• Collected data:
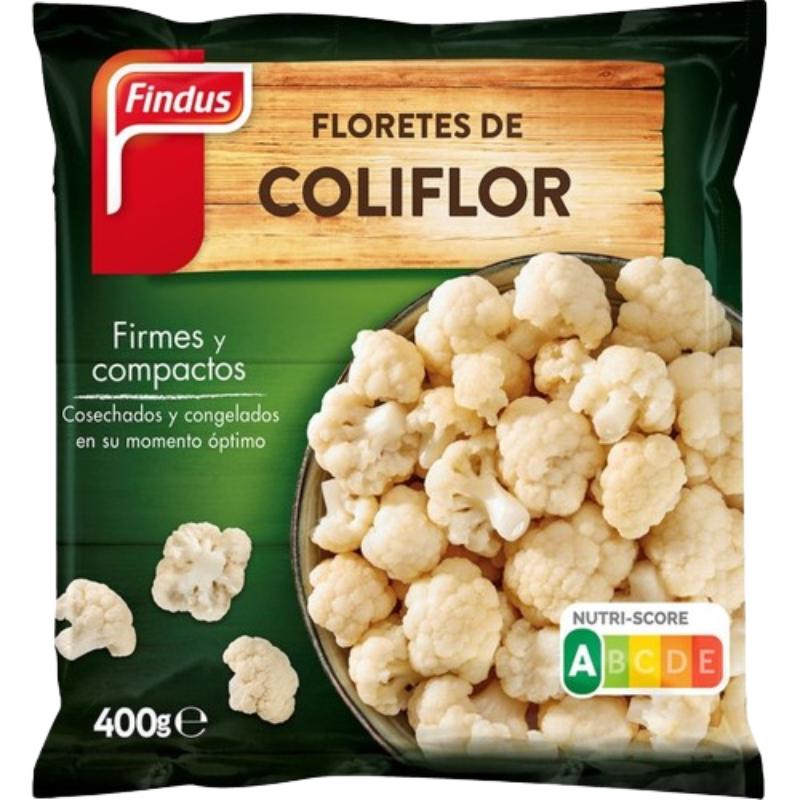 COLIFLOR CONGELADA FINDUS BOLSA 400 GR.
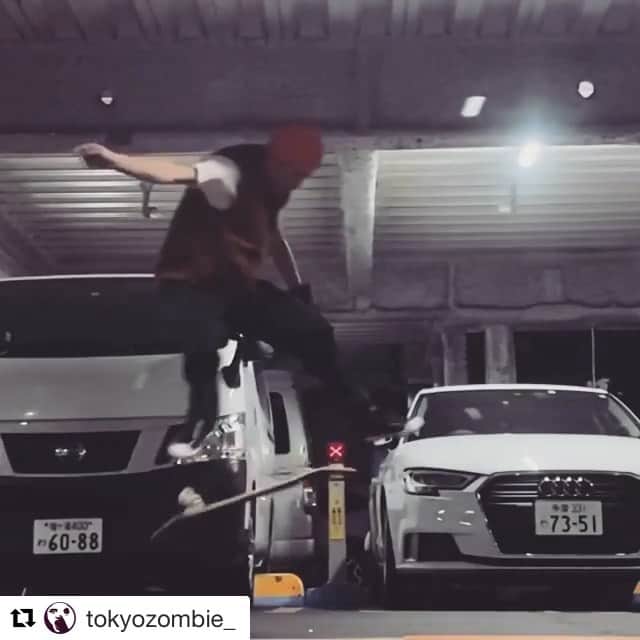 のインスタグラム：「Tomohiro Ueno💥💥💥 #カリストライダー #tomohiroueno #上野朋大  #skateboard #skateboarding #skater #カリフォルニアストリート #カリスト #スケートボード #スケボー #スケーター #californiastreet #calst  #Repost @tokyozombie_ ・・・ きもちよくてしょうがない」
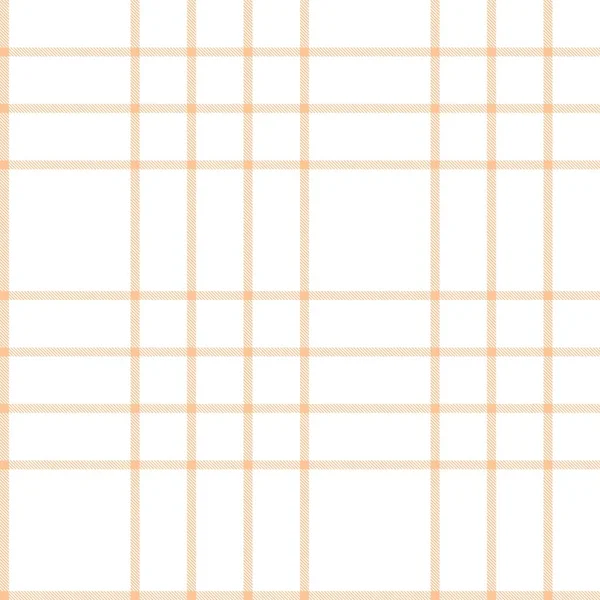 Апельсиновый Плед Клетчатый Тартан Бесшовный Узор Подходит Моды Текстиля Графики — стоковый вектор
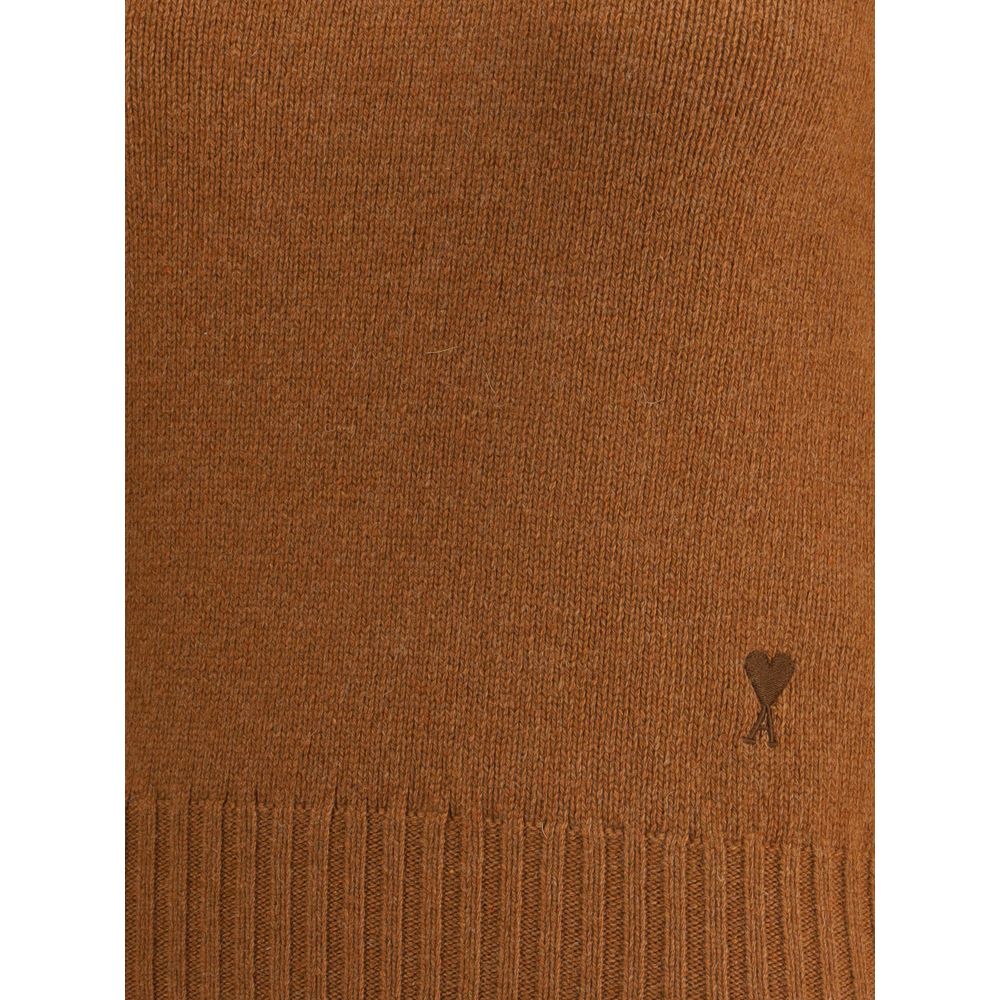 "Ami de Coeur" Caramel Cashmere Sweater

• Try it: Return the full listing above verbatim, please, but without its images.

• Solution to the problem:
 COLIFLOR CONGELADA FINDUS BOLSA 400 GR.
 のインスタグラム：「Tomohiro Ueno💥💥💥 #カリストライダー #tomohiroueno #上野朋大  #skateboard #skateboarding #skater #カリフォルニアストリート #カリスト #スケートボード #スケボー #スケーター #californiastreet #calst  #Repost @tokyozombie_ ・・・ きもちよくてしょうがない」
 Апельсиновый Плед Клетчатый Тартан Бесшовный Узор Подходит Моды Текстиля Графики — стоковый вектор
 "Ami de Coeur" Caramel Cashmere Sweater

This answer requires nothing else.